# Determine the volume (ml) of 0.1 N NaOH solution that will be required for the complete precipitation of nickel

Determine the volume (ml) of 0.1 N NaOH solution that will be required for the complete precipitation of nickel ions from 100 ml of a 20% solution of Ni (No3) 2 with a density of 1.191 g / cm3 Decision:
M [Ni (No3) 2] = 182.7 g / mol.
The reaction equation has the form:
Ni (No3) 2 + 2NaOH = 2NaNO3 + Ni (OH) 2 ↓
From the reaction equation it follows that 1 mol of Ni (No3) 2 reacts with 2 mol of NaOH.
From here
n [(Ni (No3) 2] = 2n (NaOH).
We calculate the mass of Ni (No3) 2 spent on the reaction, we obtain:
m [Ni (No3) 2] = [w%. V [Ni (No3) 2]. p (p-pa)] 100% = (20. 100. 1,191) / 100 = 23.82 g.

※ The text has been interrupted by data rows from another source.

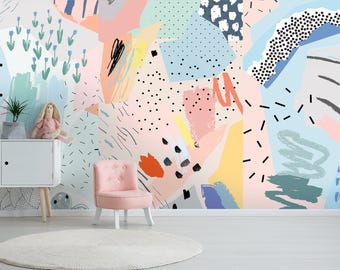 Nursery Wallpaper Colorful Abstract Shapes Peel and Stick Wall Decor Removable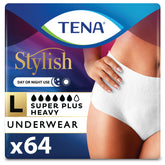 TENA front packaging showing product count and size for confident selection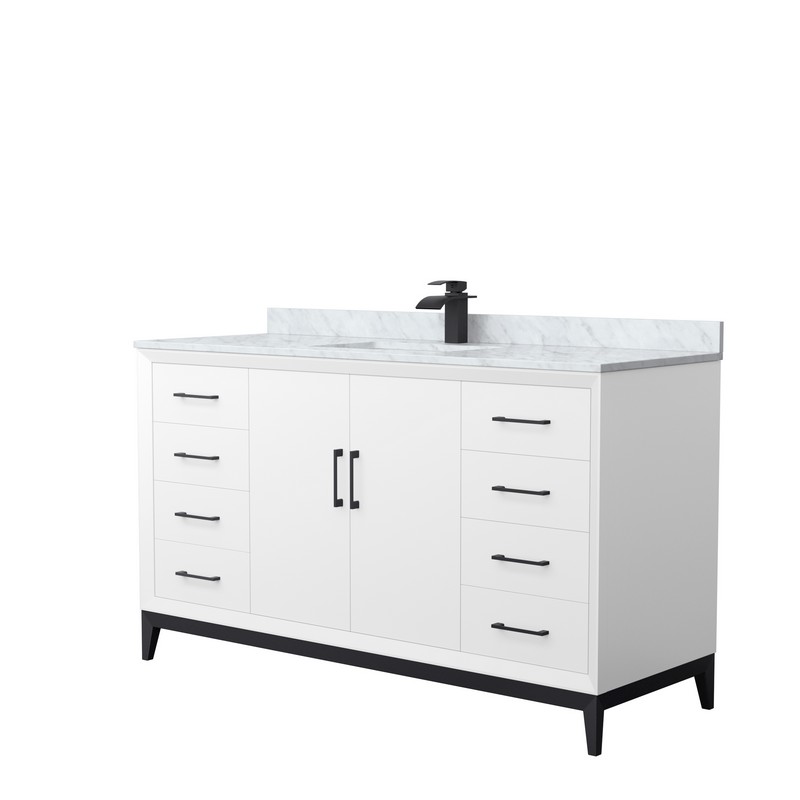 WYNDHAM COLLECTION WCH818160SWCMUNSMXX AMICI 60 INCH SINGLE BATHROOM VANITY WITH WHITE CARRARA MARBLE COUNTERTOP AND UNDERMOUNT RECTANGULAR SINK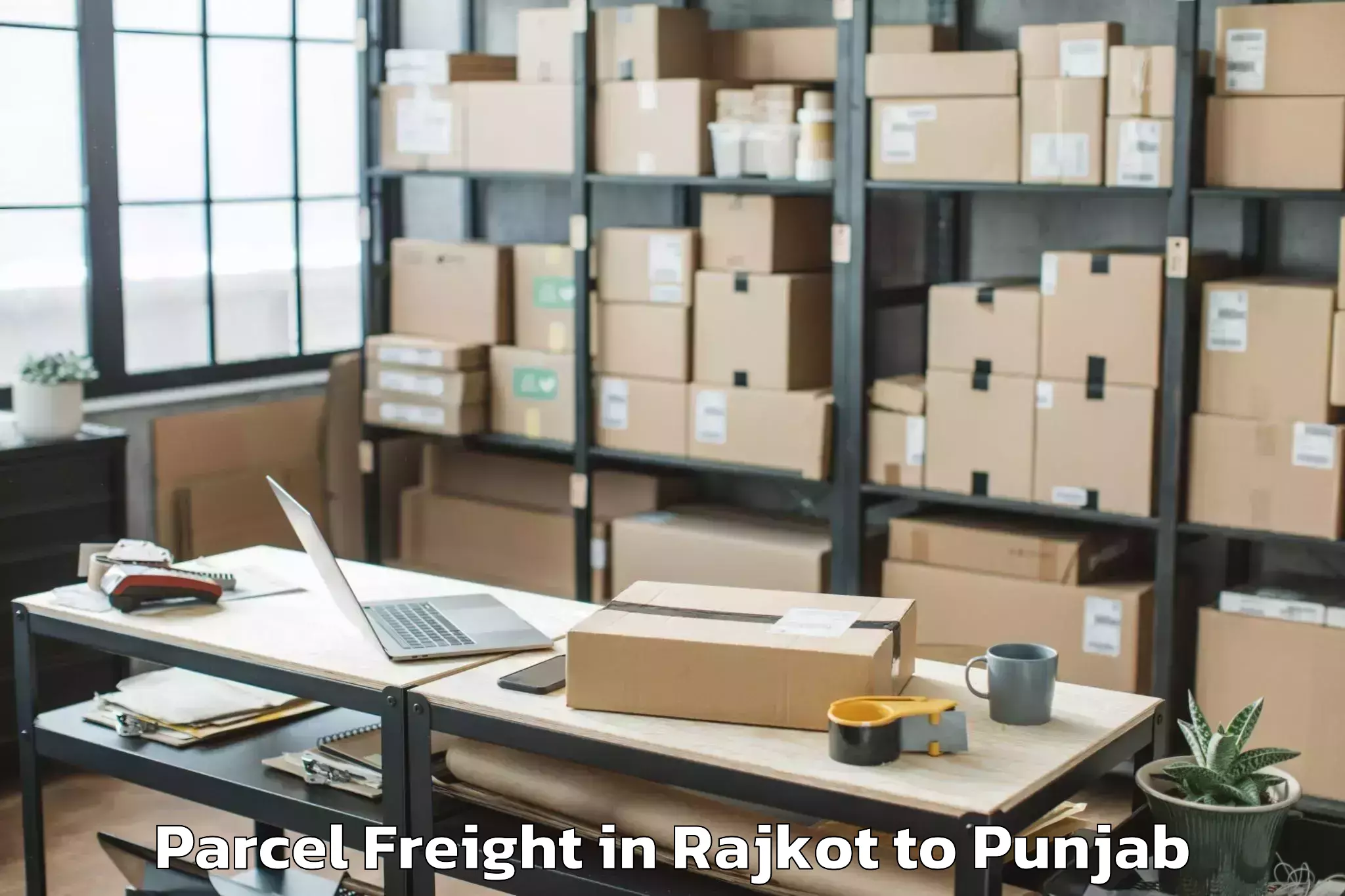 Easy Rajkot to Rampura Parcel Freight Booking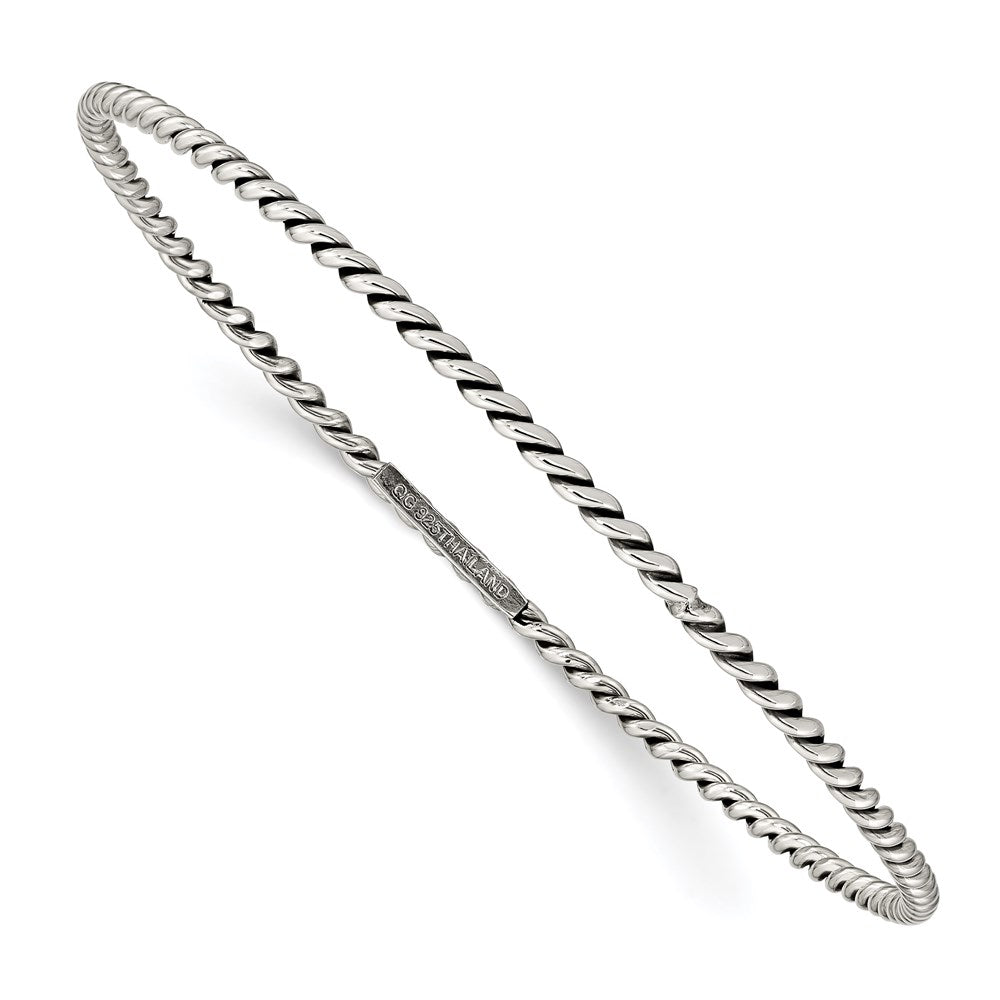 Sterling Silver Antiqued 2mm Twisted Slip-on Bangle, 8 x 2 mm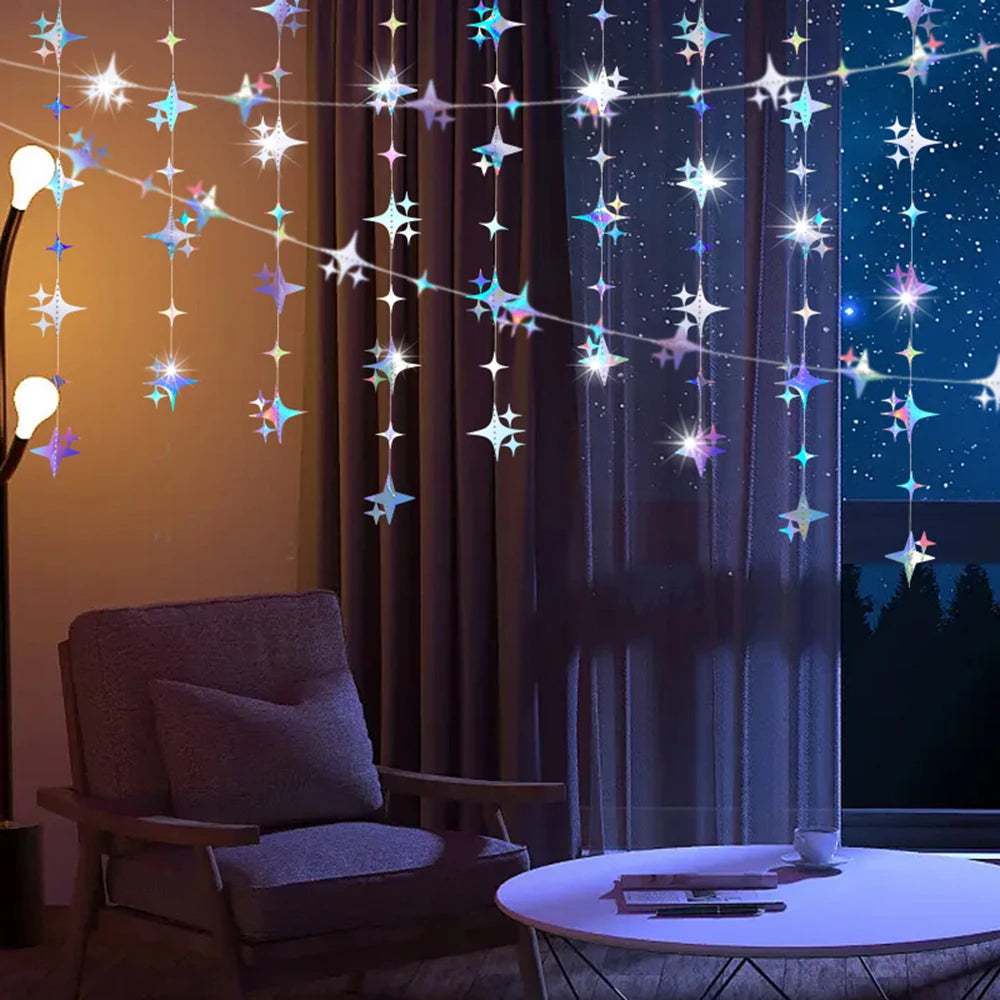 1 Pack Creative Star & Flower Hanging Decoration for Birthday Party Romantic Wedding Room Decor Sparkling Home Accents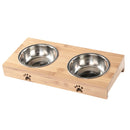 Raised Pet Bowls for Cats and Small Dogs, Bamboo Elevated Dog Cat Food and Water Bowls Stand Feeder with 2 Stainless Steel Bowls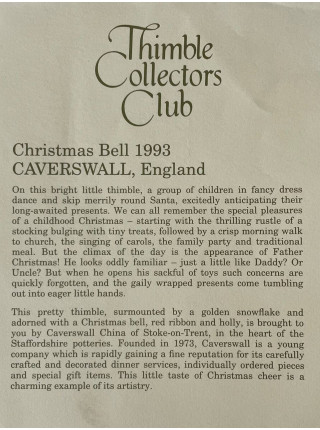 Caverswall наперсток Christmas (Рождество) 1993, винтажный, коллекционный, фарфоровый, Thimble Collectors Club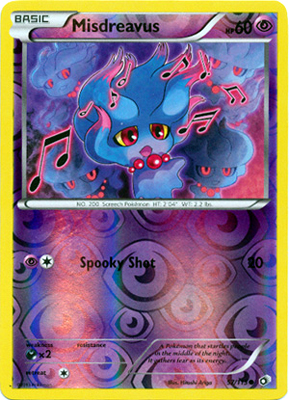 Pokemon Trading Card Game Misdreavus 57/113 Common Reverse Holo Holo Black & White Legendary Treasures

We find the amount of Ni (No3) 2, we get:
n [Ni (No3) 2] = m [Ni (No3) 2] / M [Ni (No3) 2] = 23.82 / 182.7 = 0.13 mol.
From here
n (NaOH) = 2n [Ni (No3) 2] = 2. 0.13 = 0.26 mol.
We calculate the volume of NaOH solution, which is required for the complete deposition of nickel ions, we obtain:
V (NaOH) = [n (NaOH). 1000] / CH (NaOH) = (0.26. 1000) / 0.1 = 2600 ml.
Answer: V (NaOH) = 2600 ml Remember: The process of learning a person lasts a lifetime. The value of the same knowledge for different people may be different, it is determined by their individual characteristics and needs. Therefore, knowledge is always needed at any age and position.